A gun fired somewhere far away as a signal warned the carriages to turn out, and make way for the race that was to follow. The last moments were the hottest and the wildest, as flowers, 'confetti,' sugar plums with comet-like tails, wreaths, garlands, everything, went flying through the air in a final and reckless profusion, and as the last car rolled away the laughter and shouting ceased, and all was hushed in the expectation of the day's last sight. Again, the clatter of hoofs and scabbards, as the dragoons cleared the way; twenty thousand heads and necks craning to look northward, as the people pushed back to the side pavements; silence, and the inevitable yellow dog that haunts all race-courses, scampering over the white street, scared by the shouts, and catcalls, and bursts of spasmodic laughter; then a far sound of flying hoofs, a dead silence, and the quick breathing of suppressed excitement; louder and louder the hoofs, deader the hush; and then, in the dash of a second, in the scud of a storm, in a whirlwind of light and colour and sparkling gold leaf, with straining necks, and flashing eyes, and wide red nostrils flecked with foam, the racing colts flew by as fleet as darting lightning, riderless and swift as rock-swallows by the sea.
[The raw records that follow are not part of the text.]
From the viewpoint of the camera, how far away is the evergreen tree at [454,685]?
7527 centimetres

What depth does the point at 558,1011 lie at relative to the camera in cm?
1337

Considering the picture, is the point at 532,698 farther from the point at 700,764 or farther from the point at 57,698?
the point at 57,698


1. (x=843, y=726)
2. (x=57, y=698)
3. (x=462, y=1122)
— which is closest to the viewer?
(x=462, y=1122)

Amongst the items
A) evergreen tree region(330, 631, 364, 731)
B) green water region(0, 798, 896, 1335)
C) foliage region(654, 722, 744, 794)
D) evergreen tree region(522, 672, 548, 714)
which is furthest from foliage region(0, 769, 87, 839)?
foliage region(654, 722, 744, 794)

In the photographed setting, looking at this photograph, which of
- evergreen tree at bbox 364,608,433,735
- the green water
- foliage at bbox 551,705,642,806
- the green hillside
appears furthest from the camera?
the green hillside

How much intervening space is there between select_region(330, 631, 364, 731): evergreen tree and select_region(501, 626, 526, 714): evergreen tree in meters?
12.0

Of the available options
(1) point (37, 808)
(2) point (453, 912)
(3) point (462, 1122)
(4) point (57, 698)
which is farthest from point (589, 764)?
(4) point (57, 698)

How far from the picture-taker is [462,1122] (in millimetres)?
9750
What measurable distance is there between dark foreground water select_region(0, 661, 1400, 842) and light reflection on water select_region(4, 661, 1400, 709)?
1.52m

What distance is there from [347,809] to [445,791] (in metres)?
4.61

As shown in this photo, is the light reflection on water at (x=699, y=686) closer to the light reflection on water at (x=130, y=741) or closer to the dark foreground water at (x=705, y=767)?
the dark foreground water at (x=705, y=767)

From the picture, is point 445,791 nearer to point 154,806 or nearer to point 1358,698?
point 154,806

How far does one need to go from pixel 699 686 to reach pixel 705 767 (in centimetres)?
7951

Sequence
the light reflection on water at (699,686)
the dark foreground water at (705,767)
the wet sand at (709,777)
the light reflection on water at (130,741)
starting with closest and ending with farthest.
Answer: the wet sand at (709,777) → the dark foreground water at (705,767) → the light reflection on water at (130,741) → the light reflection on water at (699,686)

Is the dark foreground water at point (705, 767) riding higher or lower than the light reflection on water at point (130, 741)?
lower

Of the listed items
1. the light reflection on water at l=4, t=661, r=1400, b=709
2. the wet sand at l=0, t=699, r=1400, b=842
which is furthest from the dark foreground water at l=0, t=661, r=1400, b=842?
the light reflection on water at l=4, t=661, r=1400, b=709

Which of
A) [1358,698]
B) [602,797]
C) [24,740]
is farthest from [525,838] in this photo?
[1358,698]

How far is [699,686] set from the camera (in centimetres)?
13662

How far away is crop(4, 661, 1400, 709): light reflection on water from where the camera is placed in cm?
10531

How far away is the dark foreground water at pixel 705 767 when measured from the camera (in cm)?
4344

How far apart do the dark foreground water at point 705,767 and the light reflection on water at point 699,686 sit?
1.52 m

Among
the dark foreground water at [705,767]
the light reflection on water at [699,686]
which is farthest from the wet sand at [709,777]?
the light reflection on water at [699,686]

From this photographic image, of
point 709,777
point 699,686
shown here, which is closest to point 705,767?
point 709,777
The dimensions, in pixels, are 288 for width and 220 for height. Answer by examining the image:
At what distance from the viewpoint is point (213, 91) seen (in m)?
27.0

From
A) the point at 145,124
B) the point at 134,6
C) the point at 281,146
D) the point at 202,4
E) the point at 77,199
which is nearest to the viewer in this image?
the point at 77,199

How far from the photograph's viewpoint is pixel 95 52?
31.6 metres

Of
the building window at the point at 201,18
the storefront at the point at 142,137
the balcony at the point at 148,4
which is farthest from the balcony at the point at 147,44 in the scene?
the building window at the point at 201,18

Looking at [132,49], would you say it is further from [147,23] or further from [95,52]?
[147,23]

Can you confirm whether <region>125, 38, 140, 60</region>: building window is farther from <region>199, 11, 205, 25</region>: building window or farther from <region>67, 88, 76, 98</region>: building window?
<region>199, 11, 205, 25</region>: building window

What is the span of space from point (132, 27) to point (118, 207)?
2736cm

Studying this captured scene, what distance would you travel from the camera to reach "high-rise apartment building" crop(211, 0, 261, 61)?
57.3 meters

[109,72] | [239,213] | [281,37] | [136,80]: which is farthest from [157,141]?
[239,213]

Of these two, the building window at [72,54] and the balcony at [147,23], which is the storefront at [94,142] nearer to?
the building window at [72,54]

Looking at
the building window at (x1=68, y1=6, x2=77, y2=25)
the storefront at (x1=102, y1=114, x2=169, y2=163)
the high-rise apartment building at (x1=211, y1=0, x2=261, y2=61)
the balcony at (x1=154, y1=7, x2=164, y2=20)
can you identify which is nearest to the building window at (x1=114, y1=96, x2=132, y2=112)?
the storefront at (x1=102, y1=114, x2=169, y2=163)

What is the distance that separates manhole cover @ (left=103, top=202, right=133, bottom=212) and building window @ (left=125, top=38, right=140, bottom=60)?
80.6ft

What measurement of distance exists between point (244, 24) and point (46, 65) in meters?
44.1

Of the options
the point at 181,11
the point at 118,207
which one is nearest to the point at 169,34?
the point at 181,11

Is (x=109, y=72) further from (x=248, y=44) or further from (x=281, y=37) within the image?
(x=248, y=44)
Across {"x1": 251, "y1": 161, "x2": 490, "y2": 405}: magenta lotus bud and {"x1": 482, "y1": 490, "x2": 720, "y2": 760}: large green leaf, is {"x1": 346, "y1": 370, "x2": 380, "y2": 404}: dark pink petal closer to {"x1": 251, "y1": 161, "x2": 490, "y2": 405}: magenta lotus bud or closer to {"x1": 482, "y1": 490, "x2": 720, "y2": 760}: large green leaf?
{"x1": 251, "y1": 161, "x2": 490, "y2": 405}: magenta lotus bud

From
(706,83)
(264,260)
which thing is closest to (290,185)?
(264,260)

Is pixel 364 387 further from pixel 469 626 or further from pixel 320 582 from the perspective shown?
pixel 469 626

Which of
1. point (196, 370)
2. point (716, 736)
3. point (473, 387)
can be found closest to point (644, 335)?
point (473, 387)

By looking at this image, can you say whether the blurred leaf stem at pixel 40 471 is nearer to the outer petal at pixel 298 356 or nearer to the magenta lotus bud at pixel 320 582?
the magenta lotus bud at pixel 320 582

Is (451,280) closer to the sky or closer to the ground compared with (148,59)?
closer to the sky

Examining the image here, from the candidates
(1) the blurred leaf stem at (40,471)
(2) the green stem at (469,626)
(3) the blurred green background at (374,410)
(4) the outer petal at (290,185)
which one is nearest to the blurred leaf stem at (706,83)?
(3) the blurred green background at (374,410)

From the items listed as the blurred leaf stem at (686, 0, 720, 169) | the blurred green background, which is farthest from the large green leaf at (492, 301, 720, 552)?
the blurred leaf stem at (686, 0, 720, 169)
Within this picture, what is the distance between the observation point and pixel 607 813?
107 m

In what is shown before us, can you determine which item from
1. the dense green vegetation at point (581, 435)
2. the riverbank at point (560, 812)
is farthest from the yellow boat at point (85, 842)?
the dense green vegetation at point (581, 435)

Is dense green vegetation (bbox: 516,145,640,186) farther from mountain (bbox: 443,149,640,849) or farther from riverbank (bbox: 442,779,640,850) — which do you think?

Then, if it were the last night of Carnival, as the purple air grew brown in the dusk, myriads of those wax tapers first used in Saturn's temple of old lit up the street like magic and the last game of all began, for every man and woman and child strove to put out another's candle, and the long, laughing cry, 'No taper! No taper! Senza moccolo!' went ringing up to the darkling sky. Long canes with cloths or damp sponges or extinguishers fixed to them started up from nowhere, down from everywhere, from window and balcony to the street below, and from the street to the low balconies above. Put out at every instant, the little candles were instantly relighted, till they were consumed down to the hand; and as they burned low, another cry went up, 'Carnival is dead! Carnival is dead!' But he was not really dead till midnight, when the last play of the season had been acted in the playhouses, the last dance danced, the last feast eaten amid song and laughter, and the solemn Patarina of the Capitol tolled out the midnight warning like a funeral knell. That was the end.
The riderless race was at least four hundred years old when it was given up. The horses were always called Bárberi, with the accent on the first syllable, and there has been much discussion about the origin of the name. Some say that it meant horses from Barbary, but then it should be pronounced Barbéri, accented on the penultimate. Others think it stood for Bárbari—barbarian, that is, unridden. The Romans never misplace an accent, and rarely mistake the proper quantity of a syllable long or short. For my own part, though no scholar has as yet suggested it, I believe that the common people, always fond of easy witticisms and catchwords, coined the appellation, with an eye to the meaning of both the other derivations, out of Barbo, the family name of Pope Paul the Second, who first instituted the Carnival races, and set the winning post under the balcony of the huge Palazzo di Venezia, which he had built beside the Church of Saint Mark, to the honour and glory of his native city.
He made men run foot-races, too: men, youths and boys, of all ages; and the poor Jews, in heavy cloth garments, were first fed and stuffed with cakes and then made to run, too. The jests of the Middle Age were savage compared with the roughest play of later times.